In-depth Investigation of CDN: Part 2

Learn about content consistency mechanisms and the deployment of the proxy server in a CDN.

We'll cover the following

Content consistency in CDN
Deployment
- Placement of CDN proxy servers
CDN as a service
Specialized CDN
- Why Netflix built its CDN

Content consistency in CDN#

Data in the proxy servers should be consistent with data in the origin servers. There’s always a risk of users accessing stale data if the proxy servers don’t remain consistent with the origin servers. Different consistency mechanisms can be used to ensure consistency of data, depending on the push or pull model.

Periodic polling#

Using the pull model, proxy servers request the origin server periodically for updated data and change the content in the cache accordingly. When content changes infrequently, the polling approach consumes unnecessary bandwidth. Periodic polling uses time-to-refresh (TTR) to adjust the time period for requesting updated data from the origin servers.

Time-to-live (TTL)#

Because of the TTR, the proxy servers may uselessly request the origin servers for updated data. A better approach that could be employed to reduce the frequency of refresh messages is the time-to-live (TTL) approach. In this approach, each object has a TTL attribute assigned to it by the origin server. The TTL defines the expiration time of the content. The proxy servers serve the same data version to the users until that content expires. Upon expiration, the proxy server checks for an update with the origin server. If the data is changed, it gets the updated data from the origin server and then responds to the user’s requests with the updated data. Otherwise, it keeps the same data with an updated expiration time from the origin servers.

Leases#

The origin server grants a lease to the data sent to a proxy server using this technique. The lease denotes the time interval for which the origin server agrees to notify the proxy server if there’s any change in the data. The proxy server must send a message requesting a lease renewal after the expiration of the lease. The lease method helps to reduce the number of messages exchanged between the proxy and origin server. Additionally, the lease duration can be optimized dynamically according to the observed load on the proxy servers. This technique is referred to as an adaptive lease.

In the following section, we discuss where to place the CDN proxy server to transmit data effectively.

Deployment#

We have to be clear with the answers to the following questions before we instal the CDN facility:

What are the best locations to install proxy servers to maximally utilize CDN technology?
How many CDN proxy servers should we install?

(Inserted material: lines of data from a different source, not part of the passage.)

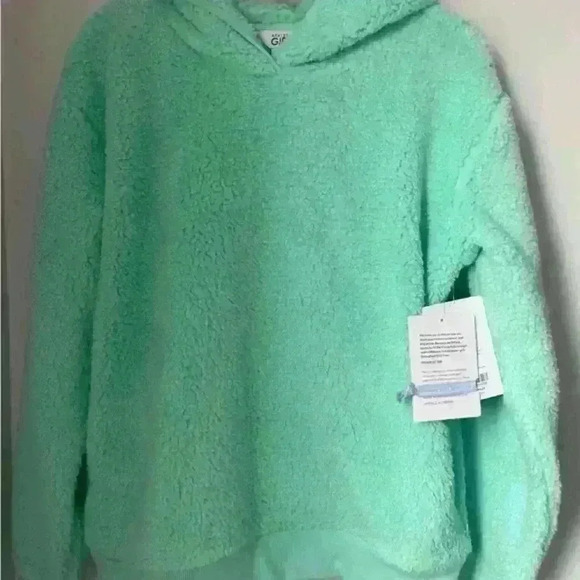 Athleta Girl So Snug Sherpa‎ Hoodie  with Pockets Green size XXL (16) - Picture 4 of 11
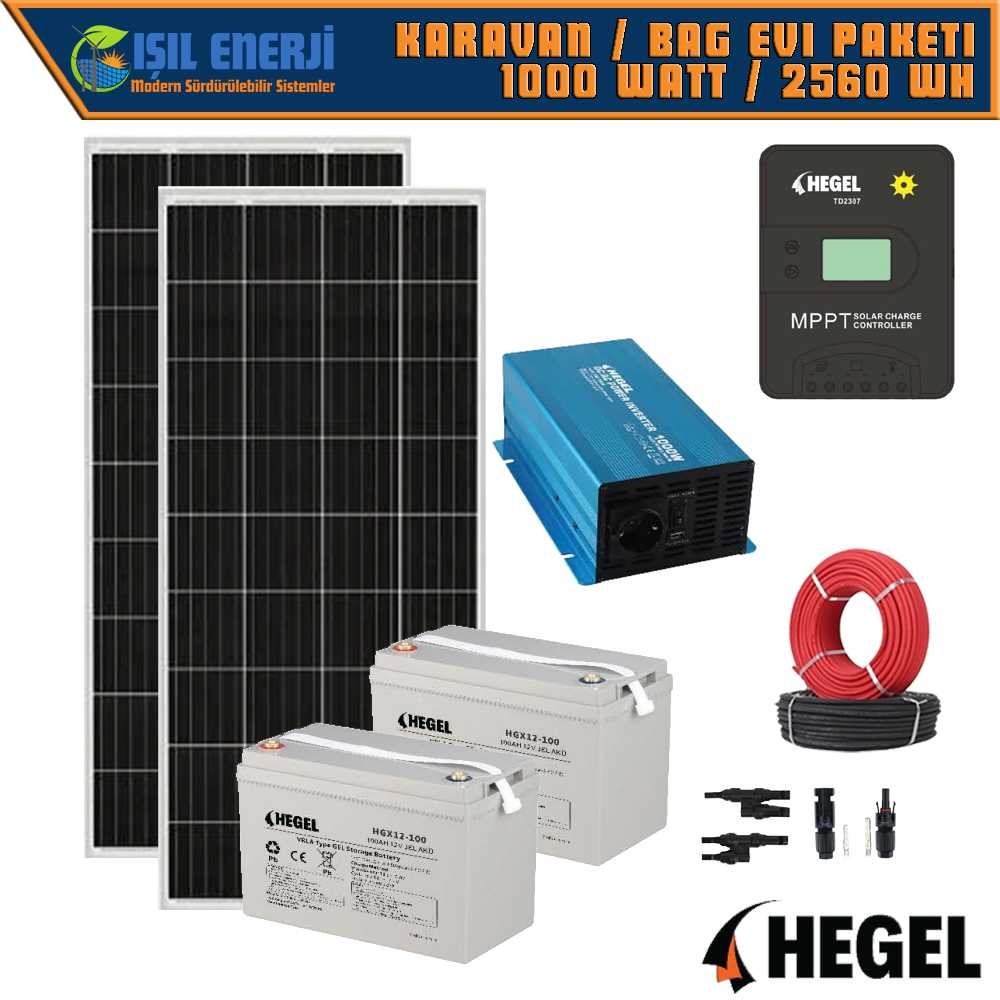 Hegel Hazır Güneş Enerjisi Sistemi - Karavan / Bag Evi Paketi - 2560 Wh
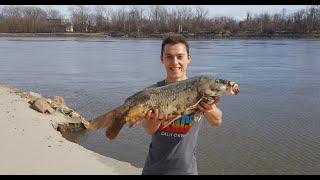 How to Bank Fish Missouri River - Catfish Carp Sturgeon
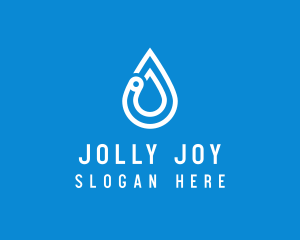 Modern Water Droplet  logo design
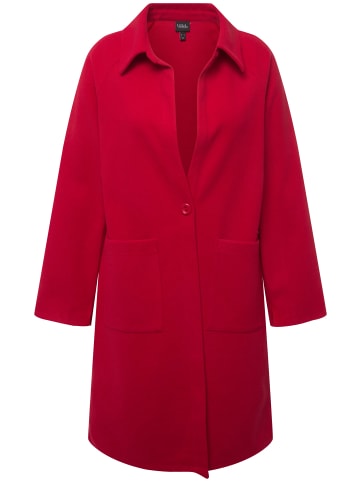 Ulla Popken Sweatjacke in rot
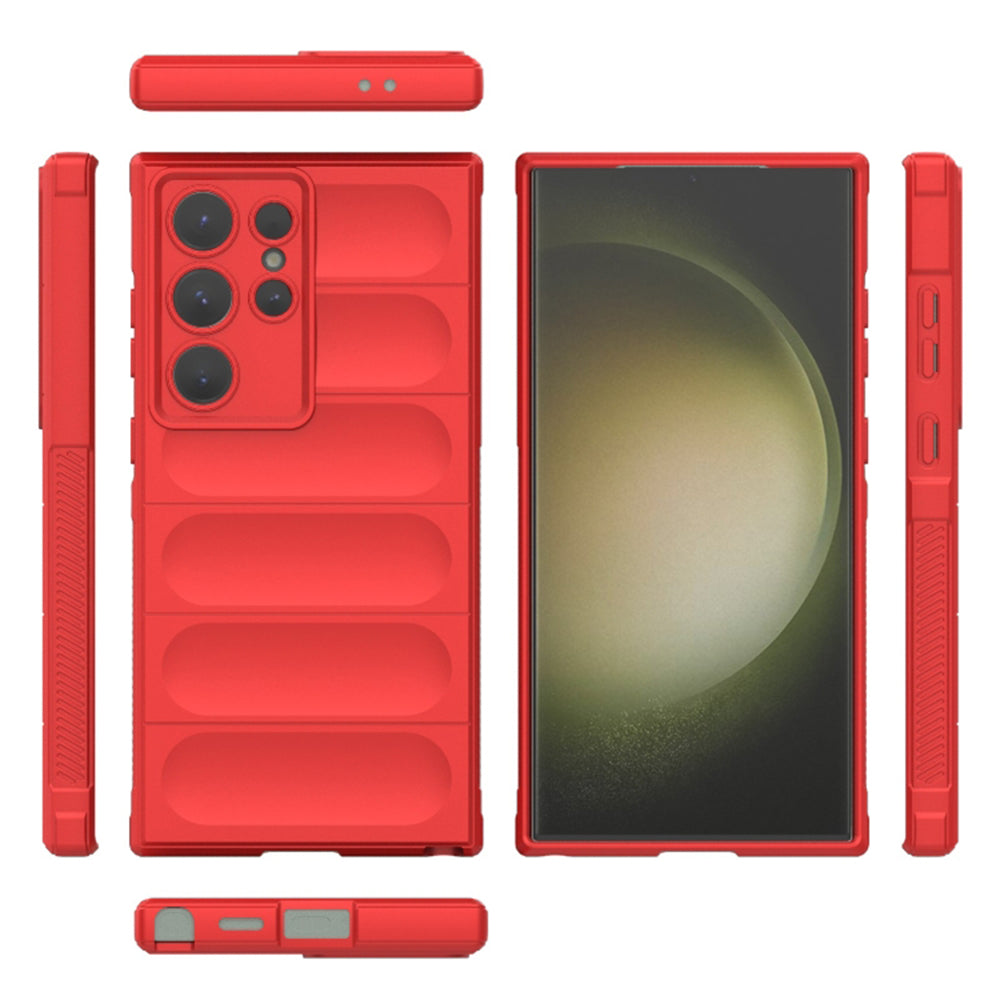 Custodia per Samsung Galaxy S23 Ultra S918, Techsuit, Magic Shield, Rossa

Placement of CDN proxy servers#

The CDN proxy servers must be placed at network locations with good connectivity. See the options below:

On-premises represents a smaller data center that could be placed near major IXPs.
Off-premises represents placing CDN proxy servers in ISP’s networks.

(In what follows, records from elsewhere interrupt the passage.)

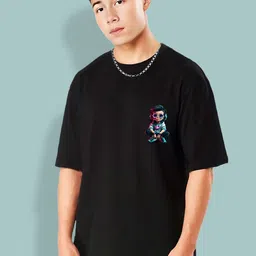 Elibolz Graphic Printed Cotton Oversized T-shirt image 5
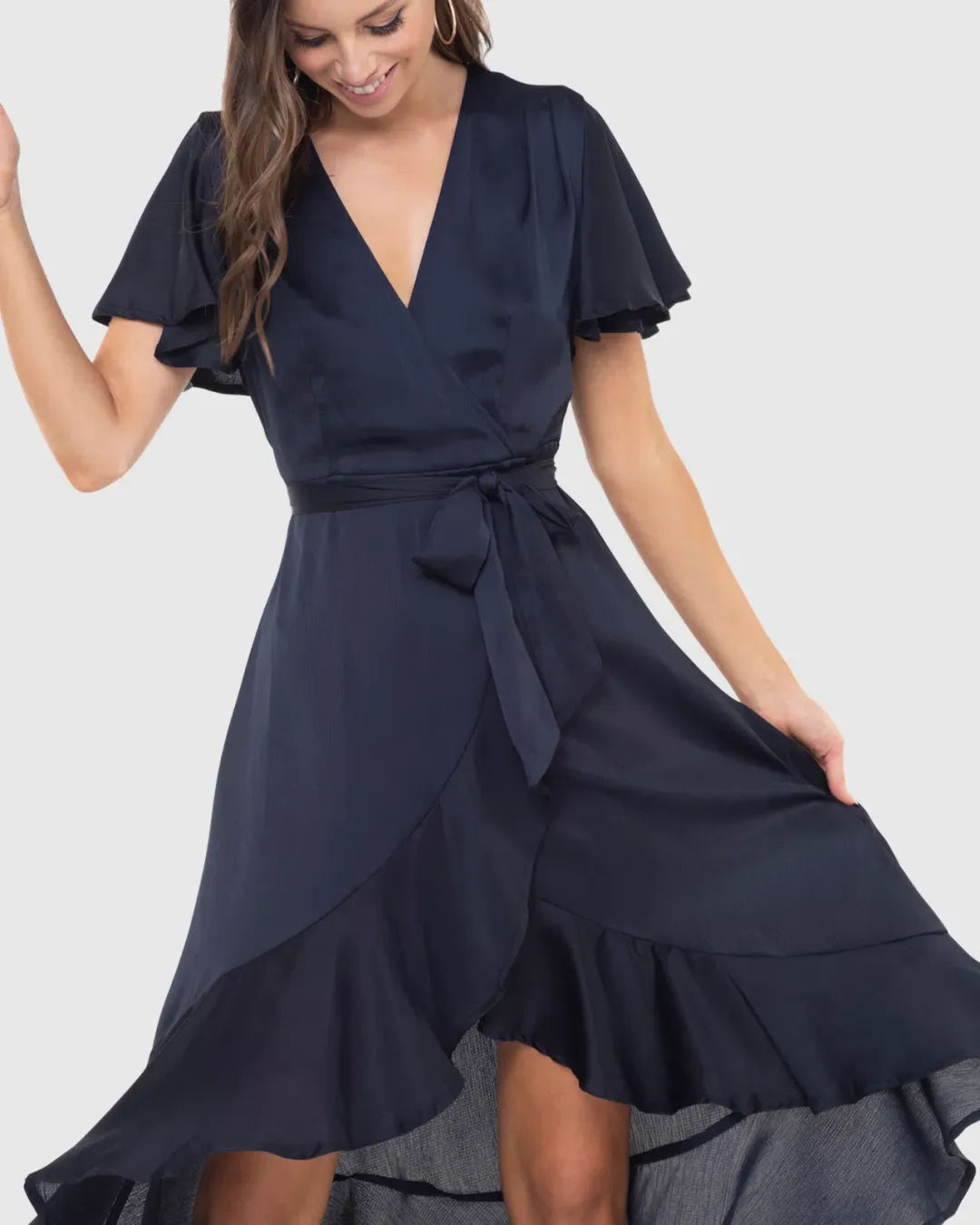 Pilgrim Stormy Maxi Dress in Blue Size AU 12 for rent on The Volte - main image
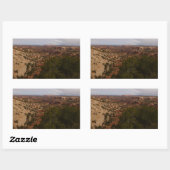 Canyonlands Uitzicht van Neck Springs Trail Rechthoekige Sticker (Vel)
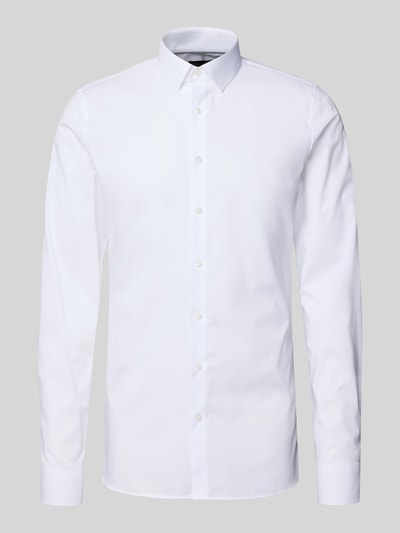 OLYMP No. Six Super Slim fit zakelijk overhemd met extra lange mouw Model 'URBAN KENT' Wit - 2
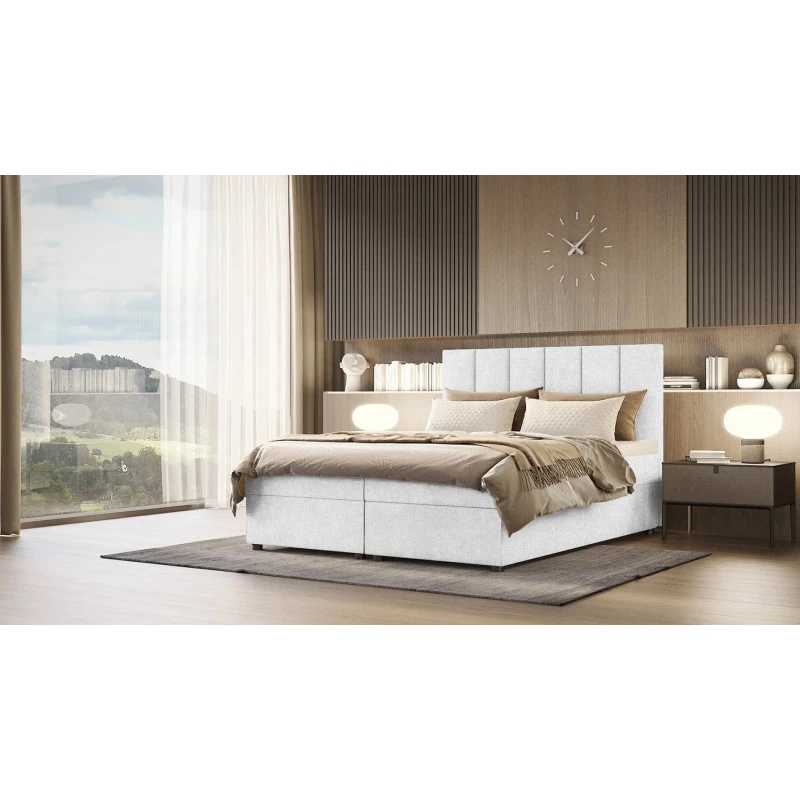 VÝPRODEJ - Kontinentální postel DELTA 4 - 180x200, bílá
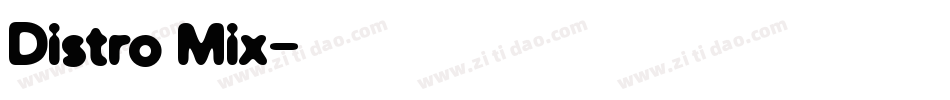 Distro Mix字体转换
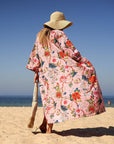 Waffle Cotton Robe - Seaside Vibes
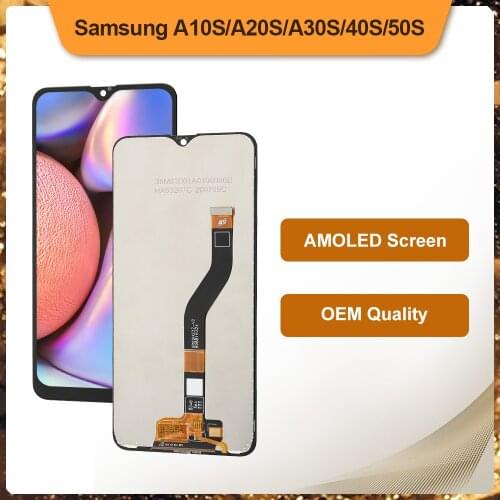 OEM For Samsung Galaxy A10S A20S A30S A40S A50S AMOLED LCD Touch Screen Display With Frame Assembly No Dead Pixel No Shadows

Today, it might be feasible to keep a large portion of a movie’s data in a CDN infrastructure that’s housed inside an ISP. Still, for services like YouTube, data is so large and ever-expanding that it’s challenging to decide what we should put near a user. Google uses split TCP to reduce user-perceived delays by keeping persistent connections with huge TCP windows from the IXP-level infrastructure to their primary data centers. The client’s TCP requests terminate at the IXP-level infrastructure and are then forwarded on already established, low latency TCP connections.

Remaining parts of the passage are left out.